Your objective: Make an exact copy of every entry below, with the pictures left out.

Material to process Start Marker

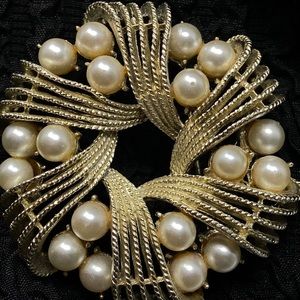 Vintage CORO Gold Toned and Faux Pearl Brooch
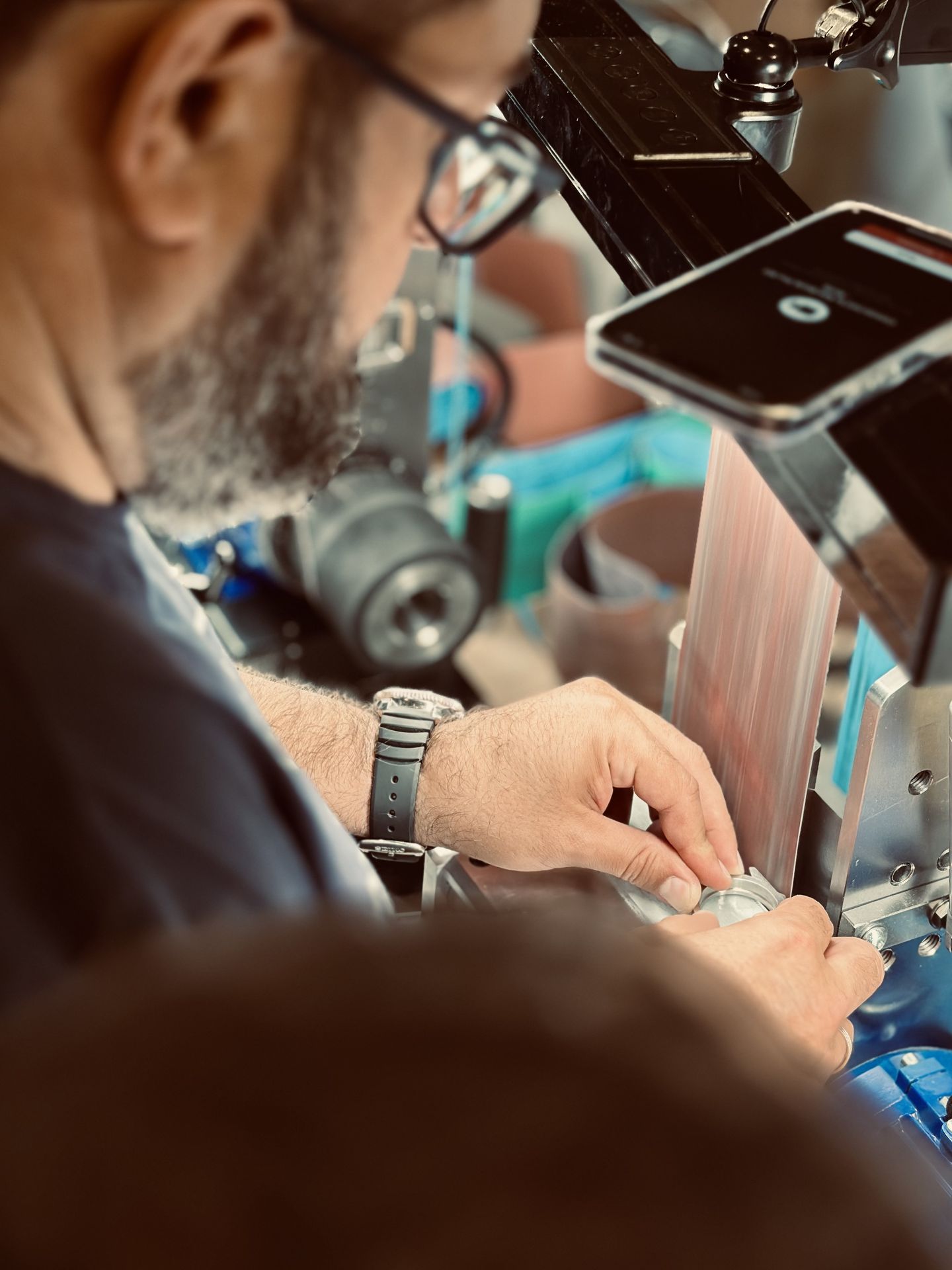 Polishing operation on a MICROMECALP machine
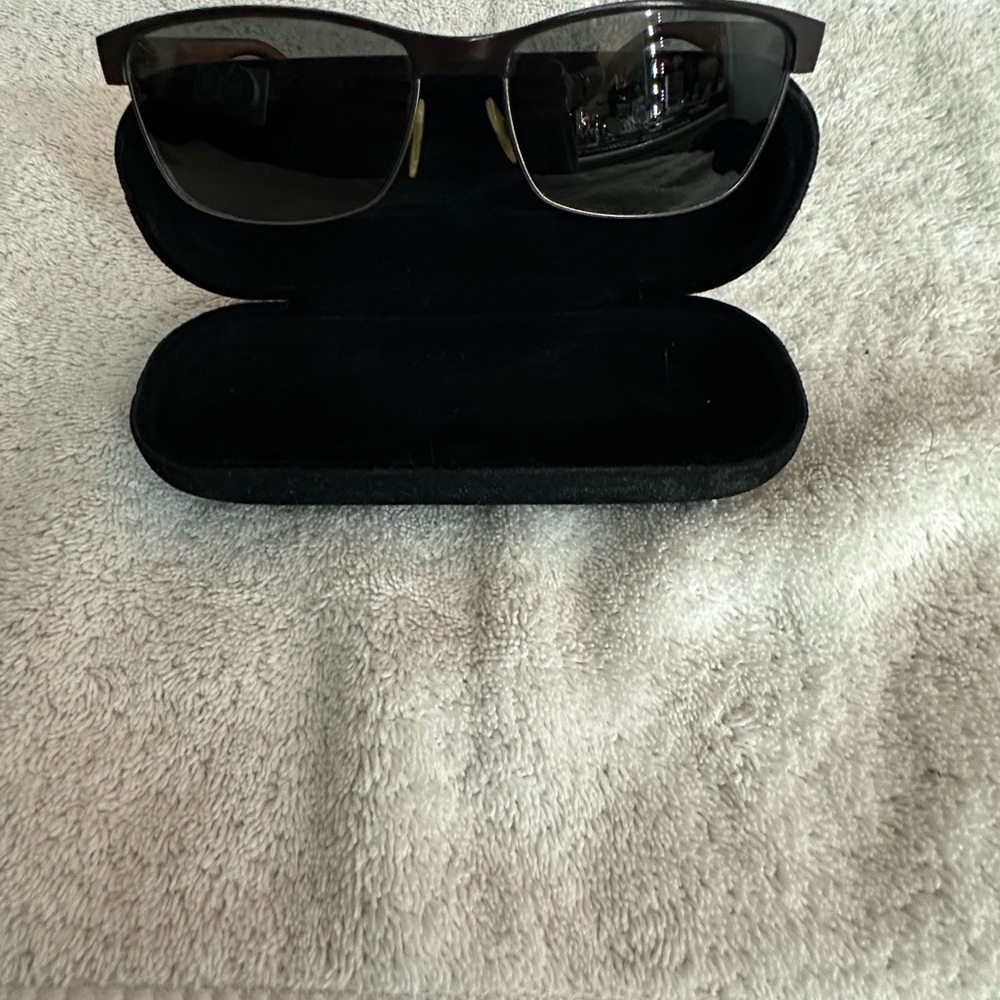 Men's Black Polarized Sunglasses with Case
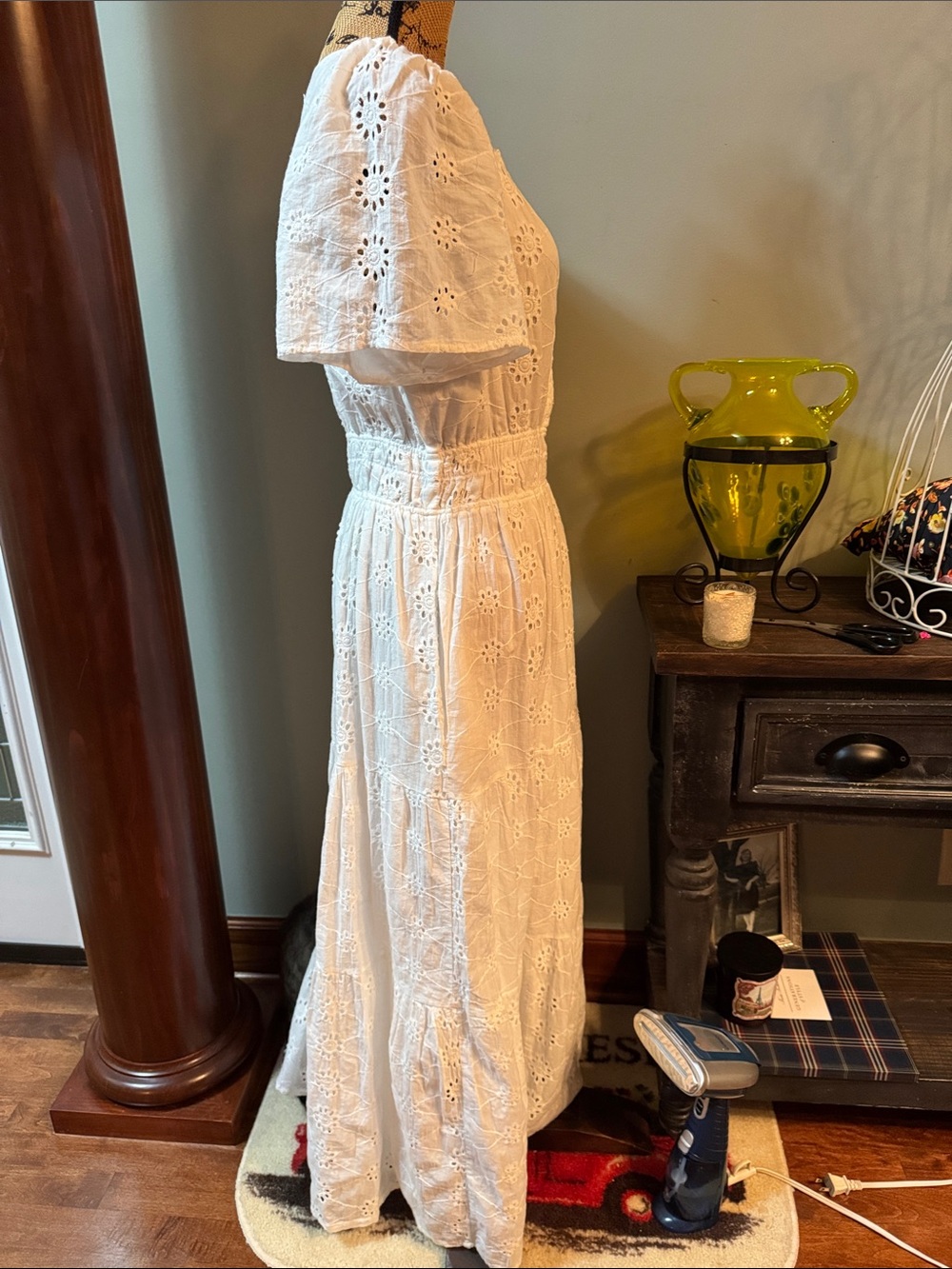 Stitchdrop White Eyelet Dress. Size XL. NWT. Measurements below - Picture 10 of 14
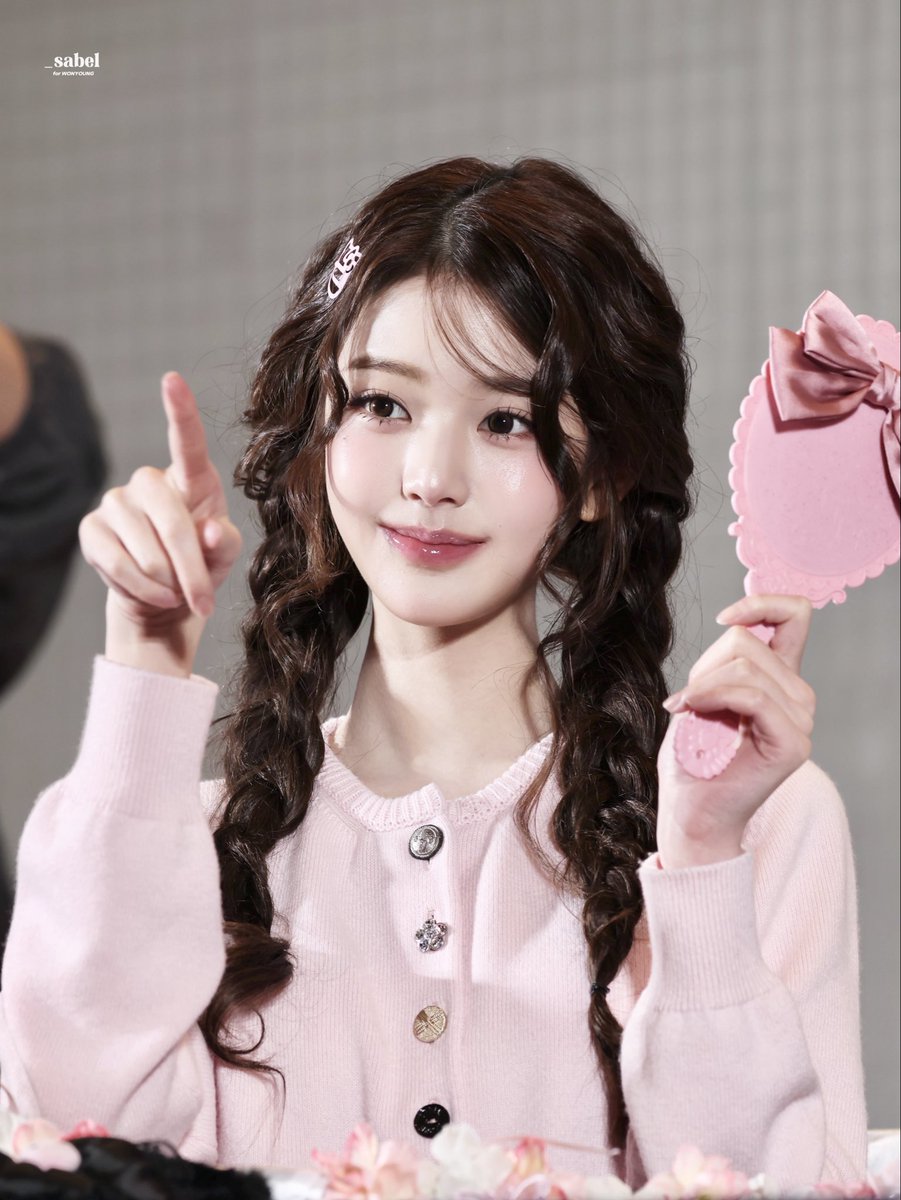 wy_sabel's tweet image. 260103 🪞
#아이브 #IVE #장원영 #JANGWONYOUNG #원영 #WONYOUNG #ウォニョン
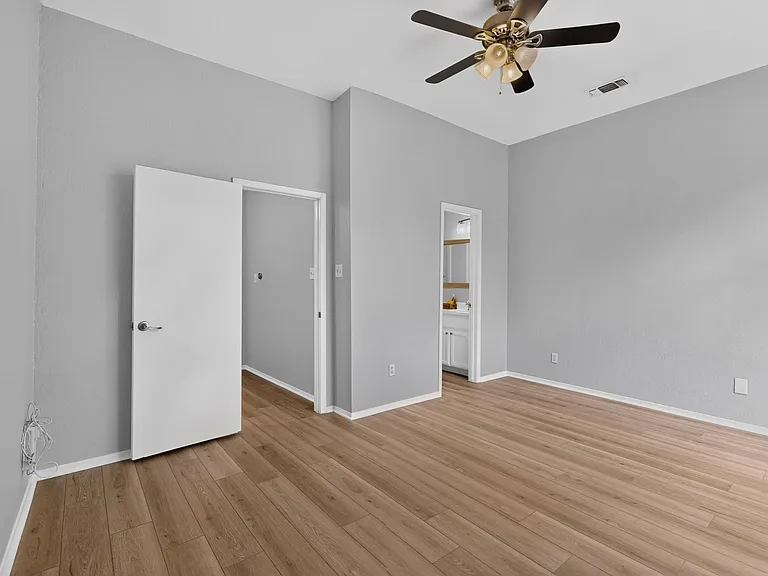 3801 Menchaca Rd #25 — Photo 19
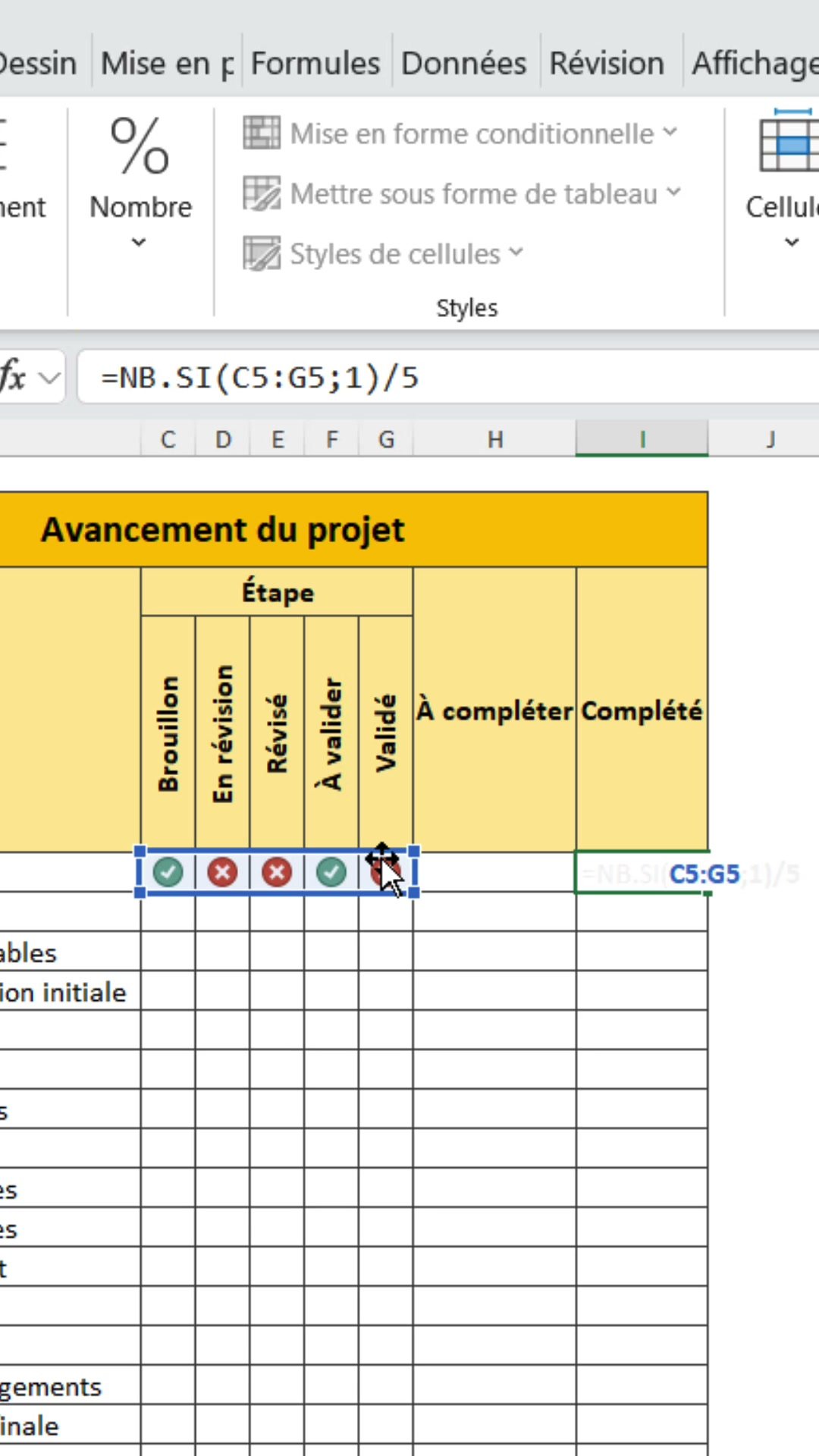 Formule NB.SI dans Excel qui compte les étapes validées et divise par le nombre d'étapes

Material to process End Marker

Result of this exercise:
 Vintage CORO Gold Toned and Faux Pearl Brooch
 Polishing operation on a MICROMECALP machine
 Men's Black Polarized Sunglasses with Case
 Stitchdrop White Eyelet Dress. Size XL. NWT. Measurements below - Picture 10 of 14
 wy_sabel's tweet image. 260103 🪞
#아이브 #IVE #장원영 #JANGWONYOUNG #원영 #WONYOUNG #ウォニョン
 3801 Menchaca Rd #25 — Photo 19
 Formule NB.SI dans Excel qui compte les étapes validées et divise par le nombre d'étapes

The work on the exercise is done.